PecanProject / pecan

The Predictive Ecosystem Analyzer (PEcAn) is an integrated ecological bioinformatics toolbox.
www.pecanproject.org
Other
202 stars 234 forks source link

Add Rmd template for basic PEcAn workflow #1866

Open tonygardella opened 6 years ago

tonygardella commented 6 years ago

Opening issue to discuss the closed PR #1733

Description

@dlebauer had the idea to create a template for a basic PEcAn workflow.

Context

To carry over some of the points made in #1733:

infotroph commented 6 years ago

To the last point: PEcAn.workflow was originally created because too many of the workflow-ish functions were causing circular dependencies in the other packages where they lived, but now that it exists I think it gives an opportunity to define friendlier and more flexible workflows.

Rather than trying to autogenerate one template for all purposes, I think a little thought and care in defining the workflow package, and documenting its functions as the interfaces to the rest of PEcAn they are, could go a long way towards making the workflow(s) more user-friendly.

ashiklom commented 6 years ago

From a conversation @mdietze and I had a while ago, perhaps the thing to strive for is to have the workflow be determined entirely by the settings object -- i.e. define run_workflow <- function(settings) {...} that executes the modules in the order they are presented in settings. Then, the entire workflow script would be:

run_workflow(read.settings("/path/to/pecan.xml"))

We could even wrap this in an executable R script that could be called directly from the command line:

#!/usr/bin/env Rscript
settings <- commandArgs(trailingOnly = TRUE)
if (length(args) == 0) settings <- "pecan.xml"
for (s in settings) {
  run_workflow(read.settings(s))
}
mdietze commented 6 years ago

I thought for sure that there was an issue open about this already, as I likewise feel like this is something that has been discussed previously (I think @rykelly was on that thread), and was definitely part of my long-term planning.

There is also another issue that discusses doing this within the do.conversions as well, perhaps as a starting point, because the order that specific inputs need to be processed does seem to vary a bit from model-to-model based on what pieces of information they put in which files. I think @ankurdesai may have been on that thread since I think part of the discussion centered around the ability to download and process two met products, and then fuse them together (e.g. using a regional product to gapfill a local product, but to do so requires first training the regional downscaling against the local)

dlebauer commented 6 years ago

run_workflow sounds like a good idea, but I think that should be in addition to rather than instead of modular and composable workflows that use r functions.

rykelly commented 6 years ago

We definitely discussed this back then, though it's a hazy memory now. I think my view was and would still be that ideally the various PEcAn functions would be defined with explicit arguments and return values, as opposed to taking and returning a settings object that holds all kinds of extraneous stuff. There would be lots of benefits to that from a design standpoint, I think.

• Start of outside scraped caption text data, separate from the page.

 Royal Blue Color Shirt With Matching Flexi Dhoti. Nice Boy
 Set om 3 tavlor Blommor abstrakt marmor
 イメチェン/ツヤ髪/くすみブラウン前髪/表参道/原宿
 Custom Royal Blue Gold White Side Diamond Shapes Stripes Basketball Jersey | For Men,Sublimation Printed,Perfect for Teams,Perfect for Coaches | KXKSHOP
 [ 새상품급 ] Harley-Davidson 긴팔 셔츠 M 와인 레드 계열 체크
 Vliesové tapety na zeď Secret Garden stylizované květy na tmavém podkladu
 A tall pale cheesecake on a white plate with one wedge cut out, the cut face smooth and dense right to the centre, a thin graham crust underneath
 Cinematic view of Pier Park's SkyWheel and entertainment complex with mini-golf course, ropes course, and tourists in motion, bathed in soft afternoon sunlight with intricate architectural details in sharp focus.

Then, the PEcAn.workflow package (that's new, right?) could consolidate all the requisite knowledge about how to move information around among the modules. For one thing, it could handle moving the right info in and out of the Settings object to call each module (I think that's what I had in mind with the runModule functions I remember I'd started writing for at least some of the major modules). It could also contain functions that wrap up all the other miscellany in workflow.R (I remember various status flags and some other logic). And then yes, I agree with @dlebauer that the workflow should eventually become basically my_settings %>% runModule1() %>% runModule2() .... That could easily be wrapped into a function like @ashiklom suggests

run_workflow(settings, modules = settings$workflow_modules) {
  for(module in modules) {
    settings = module(settings)
  }
  return(settings)
}

but leaves everything transparent and flexible like David recommends.

I'd also think about introducing a parent object to pass around the workflow, rather than Settings. For instance, you could have a class Analysis that contains the settings, obviously, but also can hold other stuff. Then you could move away from having the workflow alter the settings of the workflow, which sounds like a bad idea on its face and has definitely caused bugs and confusion in the past. You could also have Analysis$results or whatever contain non-settings data that needs to be moved between modules (DB connections? MCMC samples?). I'm just thinking this could save the poor PEcAn settings from doing the quadruple (roughly) duty it's always done, and maybe avoid some of the need to keep track of data saved/read to disk throughout the workflow (asking for trouble).

Just a few cents worth from someone who's out of the game but, apparently, still likes to think (and pontificate) about PEcAn architecture...

github-actions[bot] commented 4 years ago

This issue is stale because it has been open 365 days with no activity.